Soweit eine politische Botschaft (wie in der Regel) ein künftiges Verhalten oder einen Plan, etwa Maßnahmen des Autors oder Anderer, insbesondere im Fall ihrer Wahl in ein Amt, beschreibt und bewertet (verspricht oder geißelt), ist das Interesse der Allgemeinheit neben dem Zweck und Ziel vor allem darauf gerichtet, ob, durch wen und wie, mit welchen Mitteln sie erreichbar und welche Nebenwirkungen ihrer Verfolgung zu erwarten sind. Aussagen zu diesen Fragen sind durch die Unbestimmtheit der Zukunft notwendig selbst zu Unbestimmtheit verurteilt.

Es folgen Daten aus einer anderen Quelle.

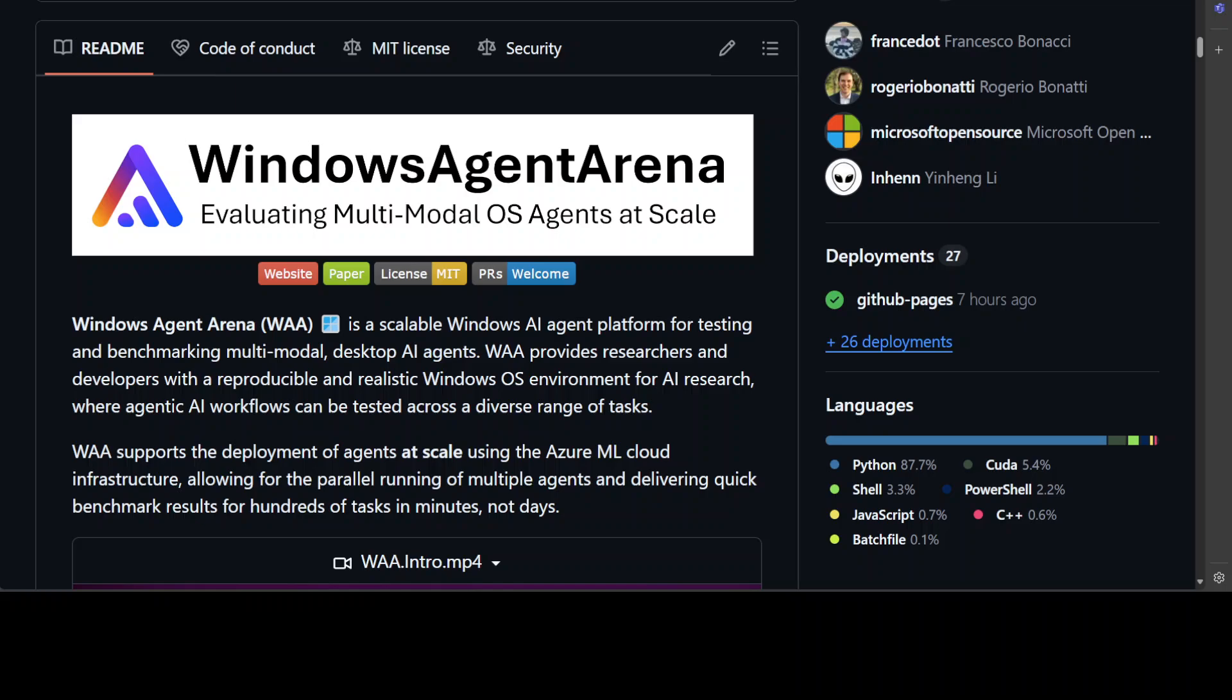To address these two challenges, this Windows Agent Arena comes very handy. It is a reproducible general environment focusing exclusively on the Windows operating system where agents can operate freely within a real Windows OS and use the same wide range of applications, tools, and web browsers available to human users when solving tasks.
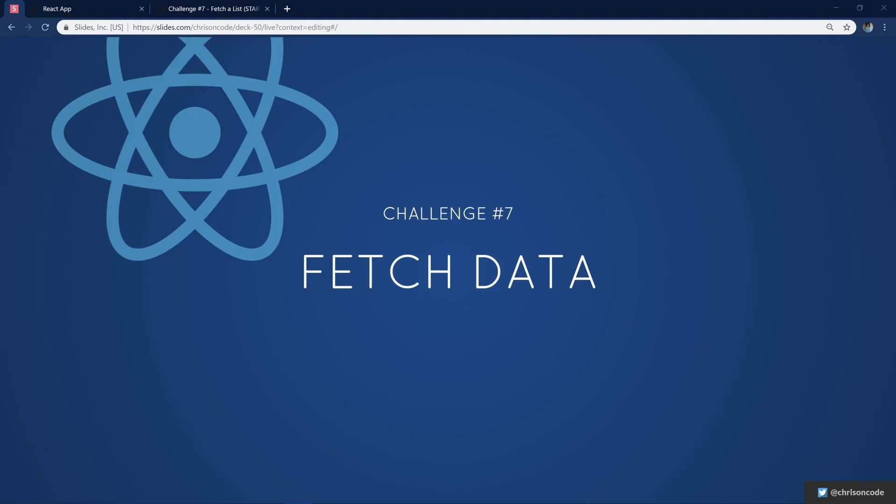Hello and welcome to challenge number seven in our 10 days of React challenges. In this challenge, we're going to be fetching data inside of a React application and then displaying that data. This is something you're going to do in pretty much every single application. Let's get started.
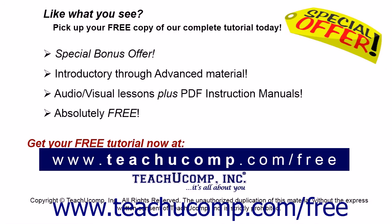Like what you see? Pick up your free copy of the complete tutorial at www.teachucomp.com/free.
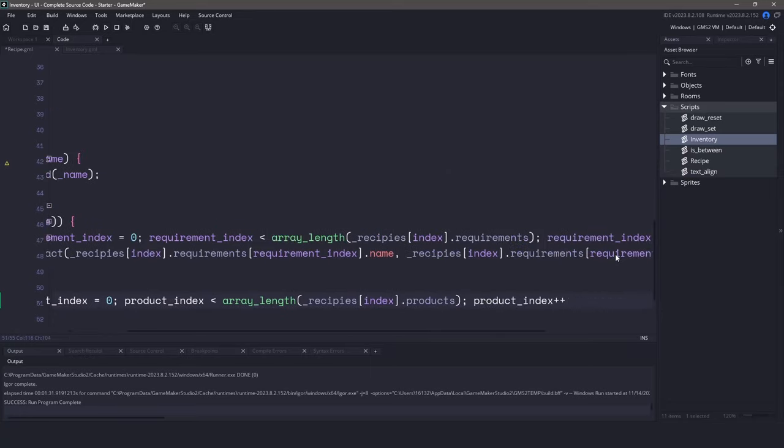The final function we need to write is the recipe get function. This is just going to help us with our user interface — inside this function, let's just return the local recipe array. Now we can switch gears and open up the object inventory. Inside the create event, instead of creating a new inventory struct, let's change this to be a new recipe struct. This will give us access to all of the original functions and the new functions that we just wrote, meaning everything here and below will continue to work.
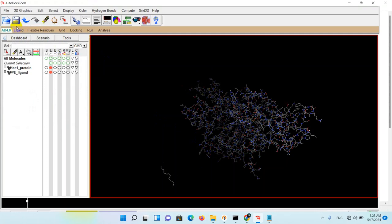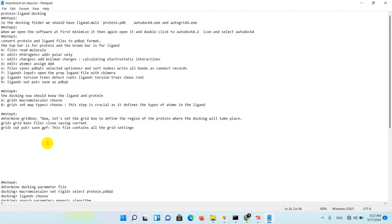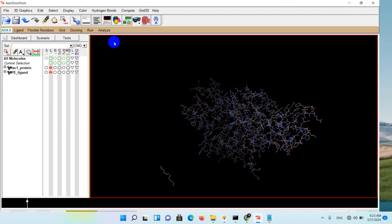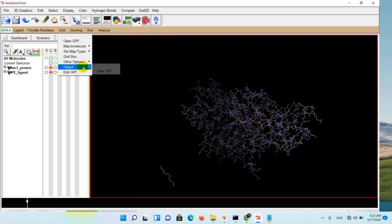In the next step, you need to save all the dimensions of your grid box in a GPF file. The GPF file contains all the grid settings for you. So, read output, save GPF file.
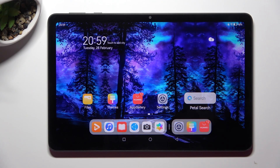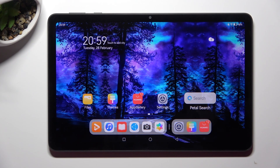Hi, in front of me is the Huawei MatePad SE, and today I would like to show you how you can switch on or off app notifications on this device.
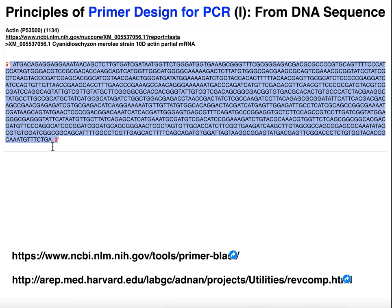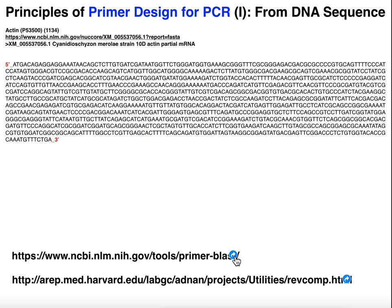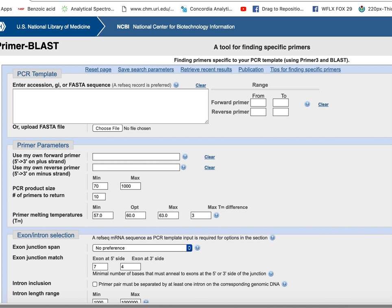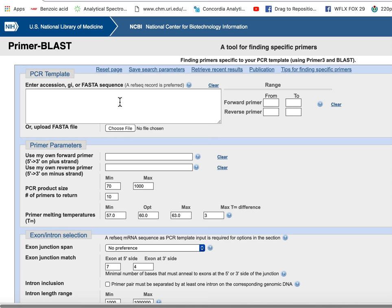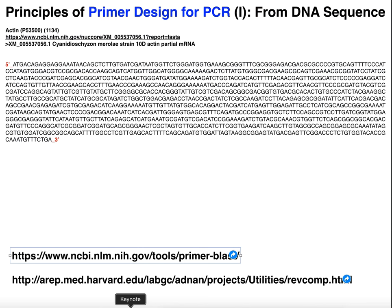Now, the reason I mention that is there are websites such as Primer Blast — a primer design website — that you can use to actually optimize the design of your primers. What you can do is take your sequence and paste it in here.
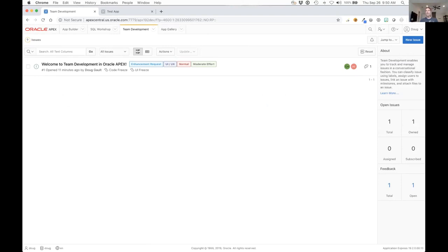And I'm trying to find the stop share. There we go.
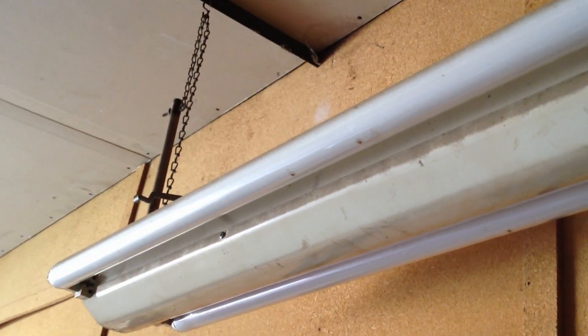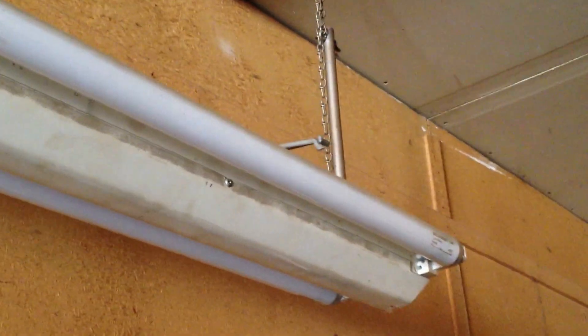Hello everybody, today I'm going to show you this 8-foot rapid start fluorescent fixture which takes 40-watt bulbs. As you can tell, very simple F40 T12 bulbs.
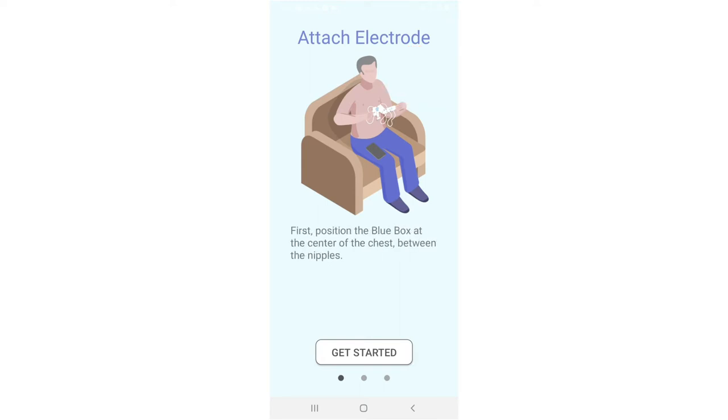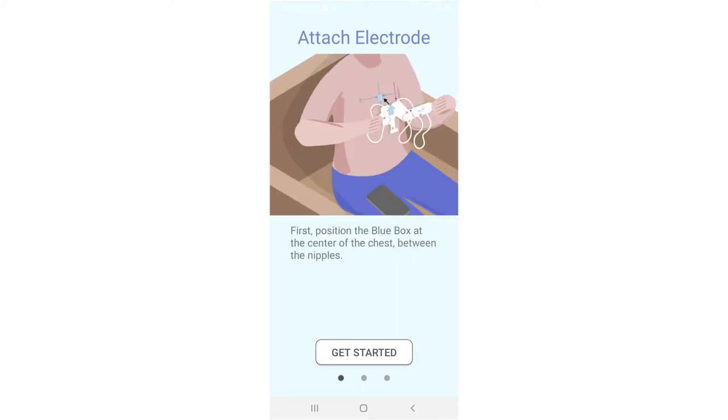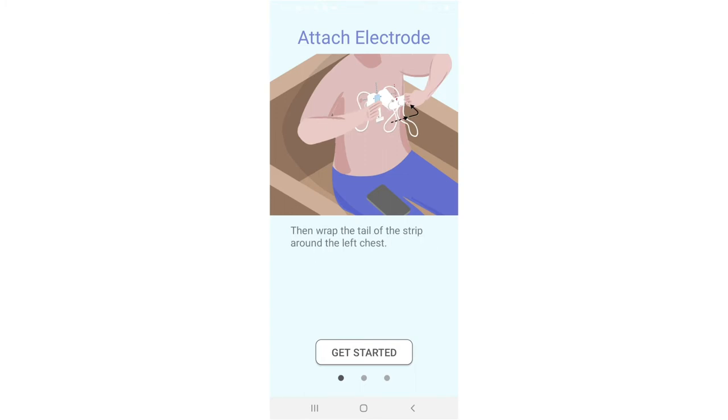First, position the blue box at the center of the chest between the nipples. Then wrap the tail of the strip around the left chest.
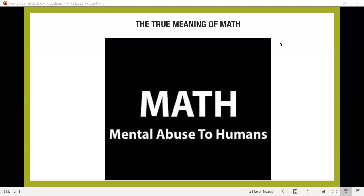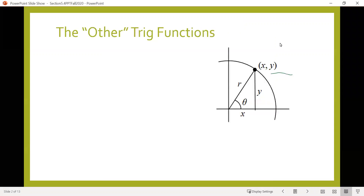All right, greetings everyone. Welcome to the first part of the video for section 5.4. Now that we have some ideas down about sine and cosine, as well as how to find values related to those on the unit circle, we're now going to take things a step further and look at some other possible ratios we could find for angles.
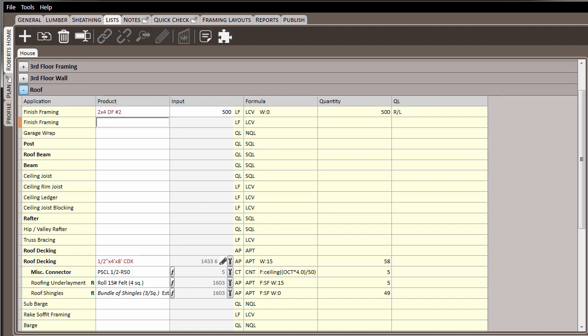So as you complete your material estimates, be sure to make use of these and other tools that are available in the software to make your material estimating more accurate, efficient, and effective.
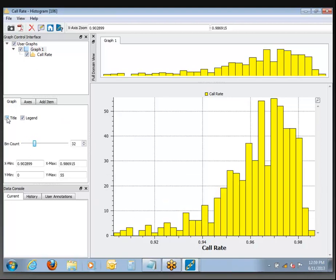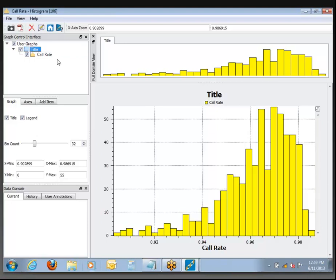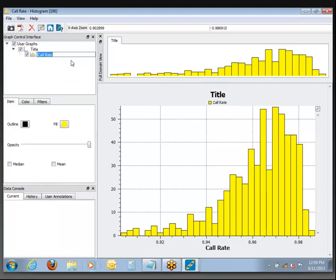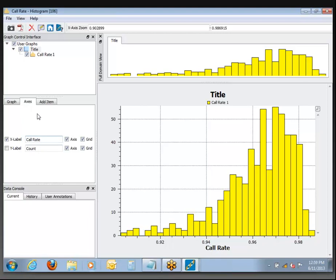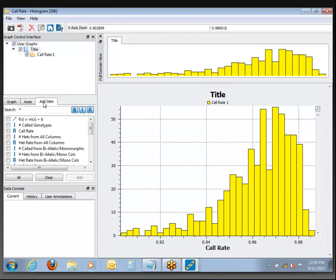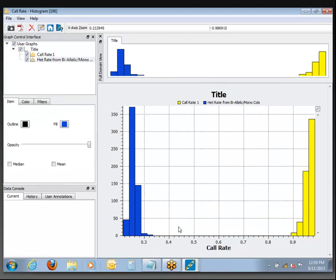You can also control whether or not the title is shown and what it's changed to. You can change the legend item and axis labels. If you want to add another histogram inside this same window — for example, putting the heterozygosity rate on top of it as a second plot item — it will draw that in. Since it's distributed much lower, it gets put down at the bottom end, but you can see you now have two histograms in the same window.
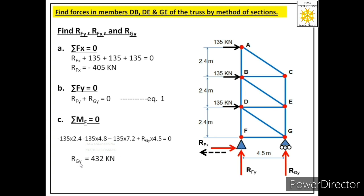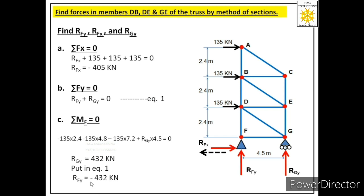From this equation we get the value of RGy, and its value is positive, meaning the assumed upward direction is correct. Once we have RGy, we substitute into equation 1 to find RFy = −432 kN. The negative sign means RFy is actually acting in the downward direction. So we have found the values of the three reactions at the two supports — this completes the second step.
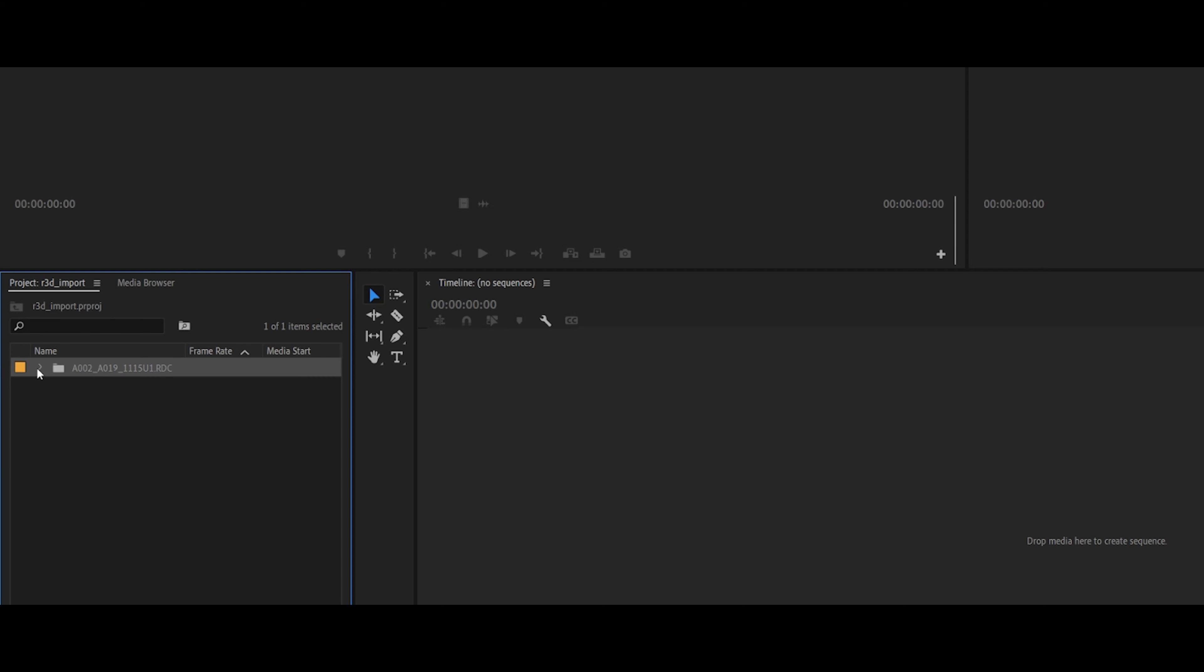You can't really do that with R3D footage, because the way R3D cameras operate and work is they're essentially taking the clip and they're splitting the clip into different segments of 4 gigs each. That means that if you import it the way I would usually do it for mp4 or even b-raw,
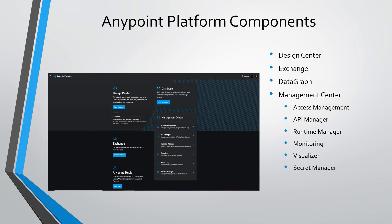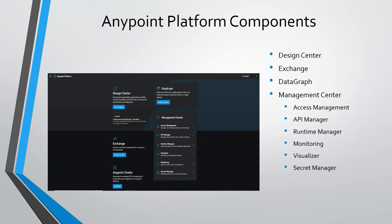We use runtime manager to deploy new applications. We can monitor and manage deployed applications. We use monitoring component to view the performance metrics of deployed applications. We can use built-in dashboard or custom dashboard to view the performance metrics of applications. We can create alerts in monitoring component.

Die oben angesprochen oder zitierten mehrdeutigen oder inhaltsarmen Ausdrücke haben durchaus einen sinnvollen Platz im politischen Diskurs, indem sie wichtige Fragestellungen enthalten. Sie bieten jedoch keine zielführenden Antworten. Durch sie bestimmte populistische Botschaften zur Analyse oder Bewältigung politischer Probleme unterliegen vielmehr, gemessen an der Eignung zur Übermittlung von Inhalten, einer Vermutung und Wahrscheinlichkeit minderer Qualität. Wird beispielsweise die Befriedigung bestimmter Interessen in Aussicht gestellt, ohne dass zugleich die nachteiligen oder lästigen Voraussetzungen, Mittel oder Wege der Realisierung oder zu erwartender Widerstände erwähnt werden, kann das die Zustimmung zu einer zum Scheitern verurteilten Politik herbeiführen. Die Mehrdeutigkeit oder Unvollständigkeit der Botschaft erschwert die optimale Willensbildung der Bevölkerung und beeinträchtigt damit in der Regel die ideale Funktion des Demokratieprinzips. Die Erschwernis liegt in dem Bedarf einer zwischen der Aufnahme der Botschaft und der Willensbildung erforderlichen Ergänzung und der Gefahr, dass sie nicht stattfindet oder fehl geht.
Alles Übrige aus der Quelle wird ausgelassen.